Limit the number of sequential inserted bytes to three, on the basis of more being needed being very unlikely.

Partial reconstructions of the page data from here could be substituted into an outer PDF template and viewed in Inkscape. Opening them in a PDF viewer did not always work; I did not yet realise why this was. This was sufficient to identify defects in the reconstructed page data, and correct them. This added an additional validation step of the prefix checker, filtering for possibilities whose output begins or begins with a particular (corrected or known to be correct) prefix.

Nonetheless, many of the pages would work swimmingly up to a point, following which they would abruptly fail to generate any further valid PDF data. Not being able to figure out what was going on (but presuming, correctly, that it had something to do with the occasional major differences in the hex diffs I mentioned earlier), I put the project on hold until I had more free time.

Hallucinated tags

Once I had more free time, I examined the aforementioned major differences more closely. What they were quickly became apparant: they were sequences which had appeared, to whatever software had corrupted the PDFs, to be actual HTML tags (in particular, the <> had not been escaped). These had been treated to:

Casemapping of the "tag name" to uppercase, treating as Latin-1.
Re-ordering of the "attributes" (which could have been separated by slash or space, and would now be separated by space).
Some use of decimal character references.
Insertion of quotation marks (single or double) around the part of an "attribute" after an equals sign.
Replacement of quotation marks in the "attribute name"s with question marks.

With these realisations, I was finally able to reconstruct the vector/text portions of the code page 354 chart. Fortunately, the raster graphics for the reference glyphs were last in the page data for any given page, so I did not need to reconstruct through them to get the information assigning GCGIDs to code points.

PdfSharp LZW bug

It eventually transpired that some oddities in the recovered PDF data, including Inkscape opening it and PDF viewers not opening it, arose from a bug in the PdfSharp-derived LZW decoder—specifically, when it encountered a LZW code equal to the current insertion index for the LZ78 dictionary, it would output the string for the previous LZW code, then add the concatenation of that string with its first character to the dictionary. I had been unable to work out why this functionality existed, since an equivalent result could be obtained by just repeating the previous LZW code.

When reading other sources about LZW compression, it came to my attention that, for an LZW code equal to the current dictionary insertion index, it was supposed to output, not only the string for the previous LZW code, but the concatenation of that string with its first character: i.e. the string that it was immediately poised to insert into the dictionary at the index referenced by that LZW code. Correcting this fixed the remaining oddities with the recovered PDF data.

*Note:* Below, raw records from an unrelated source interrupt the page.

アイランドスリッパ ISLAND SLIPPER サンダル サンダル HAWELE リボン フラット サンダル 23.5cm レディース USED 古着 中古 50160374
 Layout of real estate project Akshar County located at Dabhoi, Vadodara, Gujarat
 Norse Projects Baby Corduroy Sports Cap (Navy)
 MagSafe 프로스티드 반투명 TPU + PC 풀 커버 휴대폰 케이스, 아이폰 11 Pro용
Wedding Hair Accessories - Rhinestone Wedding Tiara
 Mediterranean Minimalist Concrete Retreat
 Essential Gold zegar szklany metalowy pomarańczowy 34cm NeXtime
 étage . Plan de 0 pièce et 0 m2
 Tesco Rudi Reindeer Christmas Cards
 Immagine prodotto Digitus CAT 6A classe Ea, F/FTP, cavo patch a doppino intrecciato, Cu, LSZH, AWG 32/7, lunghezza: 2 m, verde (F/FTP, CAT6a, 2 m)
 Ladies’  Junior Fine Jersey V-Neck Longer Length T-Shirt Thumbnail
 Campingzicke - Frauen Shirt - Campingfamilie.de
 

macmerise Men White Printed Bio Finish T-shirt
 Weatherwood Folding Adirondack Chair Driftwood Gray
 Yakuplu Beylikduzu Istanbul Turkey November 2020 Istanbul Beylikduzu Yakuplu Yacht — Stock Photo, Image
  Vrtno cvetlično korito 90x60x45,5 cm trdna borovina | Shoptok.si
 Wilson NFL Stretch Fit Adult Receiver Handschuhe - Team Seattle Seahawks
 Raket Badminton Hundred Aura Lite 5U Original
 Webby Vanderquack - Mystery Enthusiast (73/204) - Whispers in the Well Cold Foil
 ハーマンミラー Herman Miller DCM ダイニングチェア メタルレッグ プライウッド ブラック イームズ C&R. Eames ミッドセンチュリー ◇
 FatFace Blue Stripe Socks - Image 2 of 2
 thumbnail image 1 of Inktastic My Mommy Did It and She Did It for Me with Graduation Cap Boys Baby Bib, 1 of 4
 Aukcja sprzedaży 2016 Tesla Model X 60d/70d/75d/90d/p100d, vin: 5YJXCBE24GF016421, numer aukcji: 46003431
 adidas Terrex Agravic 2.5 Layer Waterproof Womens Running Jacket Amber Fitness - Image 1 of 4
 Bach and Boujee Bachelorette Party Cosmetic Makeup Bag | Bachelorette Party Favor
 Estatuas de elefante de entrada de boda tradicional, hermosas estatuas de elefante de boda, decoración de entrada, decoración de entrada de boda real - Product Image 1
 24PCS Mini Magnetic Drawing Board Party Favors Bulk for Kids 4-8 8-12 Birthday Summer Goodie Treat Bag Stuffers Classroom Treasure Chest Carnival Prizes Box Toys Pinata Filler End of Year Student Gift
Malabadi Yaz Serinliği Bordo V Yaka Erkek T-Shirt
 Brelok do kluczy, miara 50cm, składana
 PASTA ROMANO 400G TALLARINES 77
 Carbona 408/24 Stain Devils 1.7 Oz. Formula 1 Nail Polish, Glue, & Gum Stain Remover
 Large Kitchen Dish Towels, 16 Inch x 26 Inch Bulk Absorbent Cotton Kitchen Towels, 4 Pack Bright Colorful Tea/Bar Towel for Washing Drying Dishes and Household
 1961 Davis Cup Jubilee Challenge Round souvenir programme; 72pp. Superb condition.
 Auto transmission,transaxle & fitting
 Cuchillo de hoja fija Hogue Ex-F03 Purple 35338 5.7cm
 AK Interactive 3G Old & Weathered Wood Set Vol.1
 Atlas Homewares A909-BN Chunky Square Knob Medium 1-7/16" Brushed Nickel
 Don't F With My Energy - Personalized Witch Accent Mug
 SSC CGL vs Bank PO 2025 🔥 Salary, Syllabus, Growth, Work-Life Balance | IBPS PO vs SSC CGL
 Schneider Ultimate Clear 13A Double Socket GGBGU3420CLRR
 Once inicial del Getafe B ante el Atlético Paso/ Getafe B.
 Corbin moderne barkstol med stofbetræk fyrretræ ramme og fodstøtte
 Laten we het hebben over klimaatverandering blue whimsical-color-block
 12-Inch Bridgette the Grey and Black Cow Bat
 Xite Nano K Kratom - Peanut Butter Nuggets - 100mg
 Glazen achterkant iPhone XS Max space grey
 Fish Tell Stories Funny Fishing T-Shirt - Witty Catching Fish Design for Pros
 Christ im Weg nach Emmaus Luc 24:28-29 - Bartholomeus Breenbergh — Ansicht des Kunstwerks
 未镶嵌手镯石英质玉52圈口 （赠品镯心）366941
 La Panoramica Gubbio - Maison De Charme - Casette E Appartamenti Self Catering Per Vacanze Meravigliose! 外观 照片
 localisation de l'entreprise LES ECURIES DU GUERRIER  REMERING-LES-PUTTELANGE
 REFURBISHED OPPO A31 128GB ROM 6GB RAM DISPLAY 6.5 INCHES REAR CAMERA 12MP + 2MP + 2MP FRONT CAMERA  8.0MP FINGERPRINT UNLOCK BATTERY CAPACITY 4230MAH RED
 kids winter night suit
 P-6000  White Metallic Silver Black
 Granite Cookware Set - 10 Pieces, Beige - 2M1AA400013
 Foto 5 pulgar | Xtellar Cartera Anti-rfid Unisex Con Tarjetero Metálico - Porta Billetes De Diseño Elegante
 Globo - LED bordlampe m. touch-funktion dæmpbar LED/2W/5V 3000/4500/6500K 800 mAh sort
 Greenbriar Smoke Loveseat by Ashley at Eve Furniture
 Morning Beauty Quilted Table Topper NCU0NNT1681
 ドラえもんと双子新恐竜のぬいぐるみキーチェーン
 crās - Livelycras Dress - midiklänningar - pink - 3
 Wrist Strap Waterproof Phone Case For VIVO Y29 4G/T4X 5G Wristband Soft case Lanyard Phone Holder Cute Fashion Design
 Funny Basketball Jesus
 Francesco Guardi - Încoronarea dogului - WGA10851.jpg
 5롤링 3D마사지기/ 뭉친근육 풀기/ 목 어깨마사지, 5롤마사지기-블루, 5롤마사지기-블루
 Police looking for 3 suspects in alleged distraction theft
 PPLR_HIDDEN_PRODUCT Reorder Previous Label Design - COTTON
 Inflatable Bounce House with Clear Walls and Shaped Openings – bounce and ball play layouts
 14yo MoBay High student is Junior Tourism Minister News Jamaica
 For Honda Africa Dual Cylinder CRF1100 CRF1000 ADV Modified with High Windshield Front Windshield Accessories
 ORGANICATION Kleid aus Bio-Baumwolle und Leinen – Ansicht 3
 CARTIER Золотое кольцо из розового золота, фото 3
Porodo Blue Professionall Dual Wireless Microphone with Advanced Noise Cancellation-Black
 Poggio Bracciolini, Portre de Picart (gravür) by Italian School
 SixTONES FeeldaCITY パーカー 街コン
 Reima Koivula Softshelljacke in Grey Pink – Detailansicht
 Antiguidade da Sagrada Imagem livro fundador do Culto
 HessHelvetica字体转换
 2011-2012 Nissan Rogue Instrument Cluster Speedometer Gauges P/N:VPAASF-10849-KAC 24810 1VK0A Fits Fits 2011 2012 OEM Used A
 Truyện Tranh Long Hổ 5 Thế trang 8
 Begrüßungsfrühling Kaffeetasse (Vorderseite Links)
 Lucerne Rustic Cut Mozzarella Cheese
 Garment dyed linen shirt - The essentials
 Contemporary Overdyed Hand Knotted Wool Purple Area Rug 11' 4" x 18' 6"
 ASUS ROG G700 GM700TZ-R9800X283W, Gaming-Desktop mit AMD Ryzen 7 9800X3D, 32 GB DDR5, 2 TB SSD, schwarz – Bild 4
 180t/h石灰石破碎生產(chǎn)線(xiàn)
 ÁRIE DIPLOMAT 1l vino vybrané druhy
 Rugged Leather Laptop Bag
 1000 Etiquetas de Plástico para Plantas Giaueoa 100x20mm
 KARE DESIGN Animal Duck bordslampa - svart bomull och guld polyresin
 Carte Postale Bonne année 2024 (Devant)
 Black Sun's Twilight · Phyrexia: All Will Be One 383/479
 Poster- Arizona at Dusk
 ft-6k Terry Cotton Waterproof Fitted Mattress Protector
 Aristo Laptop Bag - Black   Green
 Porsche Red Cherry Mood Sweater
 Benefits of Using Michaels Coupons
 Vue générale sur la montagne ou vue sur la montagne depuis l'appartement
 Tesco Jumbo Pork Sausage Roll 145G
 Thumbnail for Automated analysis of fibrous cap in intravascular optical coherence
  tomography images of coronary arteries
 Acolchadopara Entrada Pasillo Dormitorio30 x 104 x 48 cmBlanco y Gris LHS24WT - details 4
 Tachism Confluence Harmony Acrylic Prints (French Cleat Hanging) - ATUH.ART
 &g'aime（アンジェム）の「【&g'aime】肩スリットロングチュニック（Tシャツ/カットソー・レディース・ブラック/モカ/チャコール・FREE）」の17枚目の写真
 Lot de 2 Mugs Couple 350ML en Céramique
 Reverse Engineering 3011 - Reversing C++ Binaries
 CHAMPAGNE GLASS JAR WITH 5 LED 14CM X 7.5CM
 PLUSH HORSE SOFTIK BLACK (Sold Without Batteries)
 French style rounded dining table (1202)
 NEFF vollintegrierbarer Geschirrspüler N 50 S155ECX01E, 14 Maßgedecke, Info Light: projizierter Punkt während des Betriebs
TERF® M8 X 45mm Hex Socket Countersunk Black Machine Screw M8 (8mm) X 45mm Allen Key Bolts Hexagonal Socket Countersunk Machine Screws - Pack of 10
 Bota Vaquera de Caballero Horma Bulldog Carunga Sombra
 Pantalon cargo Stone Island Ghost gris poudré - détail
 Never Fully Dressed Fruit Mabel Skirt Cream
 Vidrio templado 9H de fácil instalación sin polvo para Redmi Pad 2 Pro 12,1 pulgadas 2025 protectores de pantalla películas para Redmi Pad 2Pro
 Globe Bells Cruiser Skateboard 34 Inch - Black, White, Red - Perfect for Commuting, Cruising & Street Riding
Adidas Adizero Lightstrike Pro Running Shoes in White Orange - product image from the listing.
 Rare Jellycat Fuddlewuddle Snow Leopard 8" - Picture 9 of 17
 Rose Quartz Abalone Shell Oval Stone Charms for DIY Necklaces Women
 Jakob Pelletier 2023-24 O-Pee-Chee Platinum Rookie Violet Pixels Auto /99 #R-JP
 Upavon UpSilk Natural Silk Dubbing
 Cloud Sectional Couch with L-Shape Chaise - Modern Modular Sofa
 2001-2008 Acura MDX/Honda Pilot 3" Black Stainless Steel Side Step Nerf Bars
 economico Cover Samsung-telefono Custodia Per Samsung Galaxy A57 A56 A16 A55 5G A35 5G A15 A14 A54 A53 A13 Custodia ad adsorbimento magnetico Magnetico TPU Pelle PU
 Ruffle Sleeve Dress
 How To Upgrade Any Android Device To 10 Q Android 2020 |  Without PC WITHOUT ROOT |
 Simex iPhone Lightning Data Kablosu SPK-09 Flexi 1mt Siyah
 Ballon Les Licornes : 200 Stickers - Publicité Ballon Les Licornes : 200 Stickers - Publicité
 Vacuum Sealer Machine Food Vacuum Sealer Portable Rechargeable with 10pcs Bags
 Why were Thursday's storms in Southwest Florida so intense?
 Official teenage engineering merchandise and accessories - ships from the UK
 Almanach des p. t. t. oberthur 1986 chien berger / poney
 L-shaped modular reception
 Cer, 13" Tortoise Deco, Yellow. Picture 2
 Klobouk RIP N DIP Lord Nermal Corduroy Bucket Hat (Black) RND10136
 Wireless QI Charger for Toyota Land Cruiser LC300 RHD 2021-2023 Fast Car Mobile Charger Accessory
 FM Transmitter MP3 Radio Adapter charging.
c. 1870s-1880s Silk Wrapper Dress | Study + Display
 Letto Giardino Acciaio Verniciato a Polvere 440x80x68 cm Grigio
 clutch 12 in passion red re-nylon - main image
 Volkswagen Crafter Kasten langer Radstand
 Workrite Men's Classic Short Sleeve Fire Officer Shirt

This had thankfully not affected reconstruction, since the validation rules had been drawn up based on the data decompressed from the valid PDFs using the same, buggy LZW decoding logic.

Conclusions

I would appreciate never having to do this again.

Bizarre but relatively less destructive data corruption can be reversed if people care enough about that specific case to invest significant time into doing so.

Presumably, people don't use PdfSharp with LZW as opposed to Flate PDFs often enough for the bug to have been noticed.

The following data was recovered:

The eventually recovered code page 354 (preview it) bears far closer structual resemblence to code page 353 than to code pages 355 through 360. Since code page 353 is named "BCDIC-A", it is possibly "BCDIC-B", and in any case part of the "BCDIC-*" subfamily rather than the "PTTC/BCD" subfamily.